When John Key was drawn into the speculation of how the listening device could have made its way into the rugby team quarters – or who could have done it – he revealed that he himself had been a victim of bugging.
In fact, the Prime Minister said he was under the expectation he was being recorded in some instances.
But these revelations didn’t move Labour leader Andrew Little – who doubted the Prime Minister had ever been bugged in New Zealand. …
“I have to say I doubt very much whether he’s been bugged certainly internally in New Zealand. What happens overseas, particularly visiting foreign countries, who would know? But it’s typical John Key – say something outlandish that who knows whether it’s true or not and see what happens. And that’s what he’s done on this occasion.
“I don’t trust him when he says he’s been bugged in New Zealand.

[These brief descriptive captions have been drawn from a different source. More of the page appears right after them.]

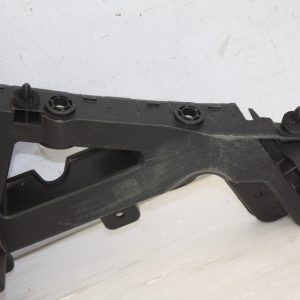 Jaguar XE Rear Bumper Right Bracket 2015 on GX73-17A881-AB Genuine - Image 8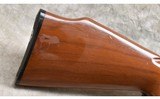 Remington ~ Model 592M ~ 5mm Remington Rimfire Magnum - 3 of 16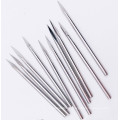 Needle for Acupuncture Three Edged Needle Acupuncture Needle Manufacturers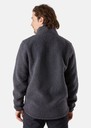 Lofoten Pile Jacket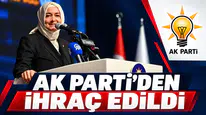 FONCU İSİM İHRAÇ EDİLDİ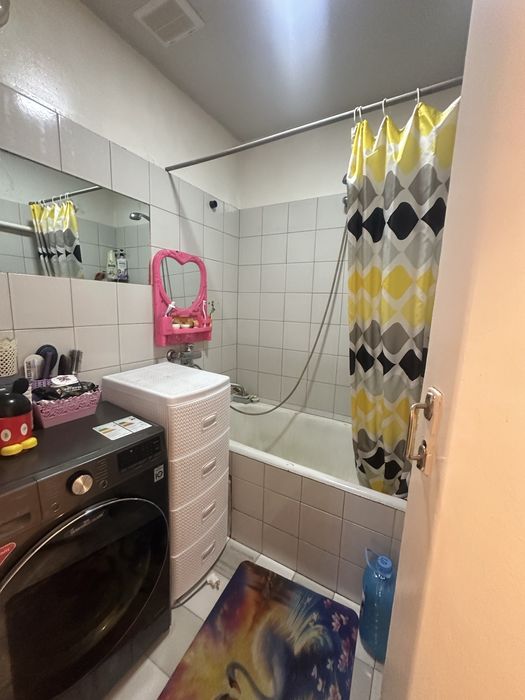 Продаётся Чиланзар 12 Фархадский 3-комната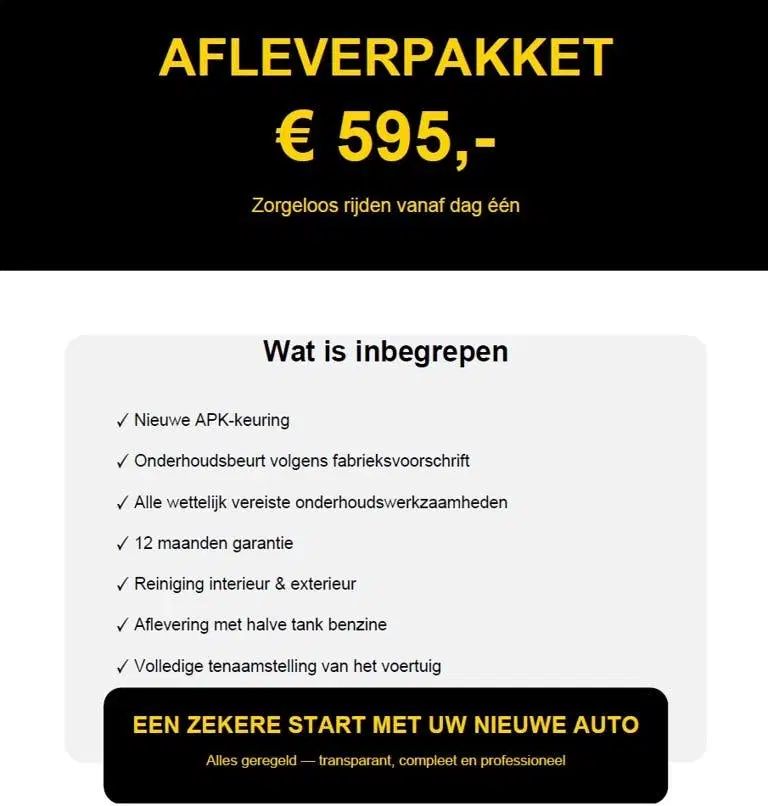 Renault Kadjar 1.3 TCe Intens uit 2019, foto 13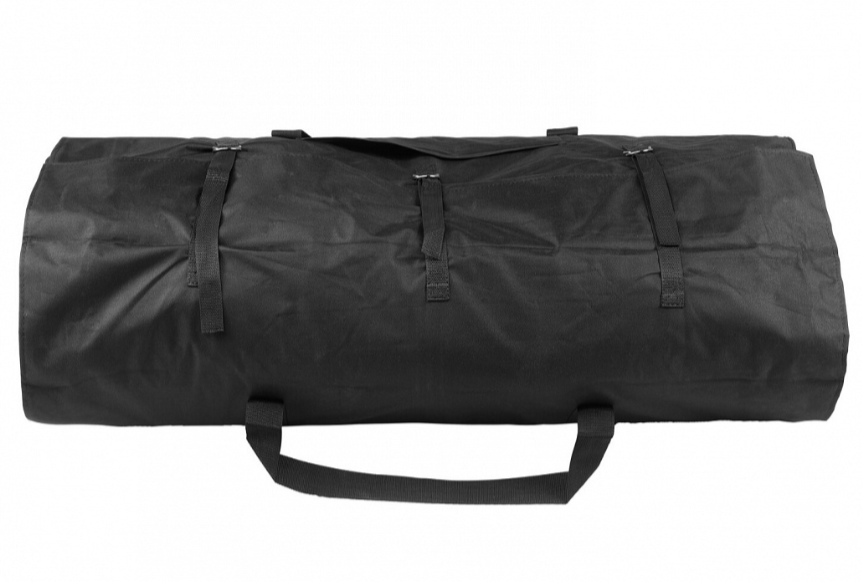 НАДУВНАЯ ЛОДКА GLADIATOR B420 в Балашихе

Little again thinks calling the PM a liar is a good political strategy. How has that worked for the last ten years?
Also depending on your definition of bugging there was the secret recording of Key and Banks in 2011 and also in 2008 (off memory) the left activists who secretly recorded National MPs at a function.
Apart from those events already in the public domain, it is now routine for some National MPs and officials to have their offices checked for listening devices, and you don’t do that (which costs a bit of money) for no reason.
As some people think hacking e-mails is a legitimate political activity, why would they stop there and not also try to bug political opponents? My first reaction after the last Hager book was to find out how I could check if my apartment and office were bugged. In the end I concluded a human spy was put into my office, rather than an electronic one. So reassuring.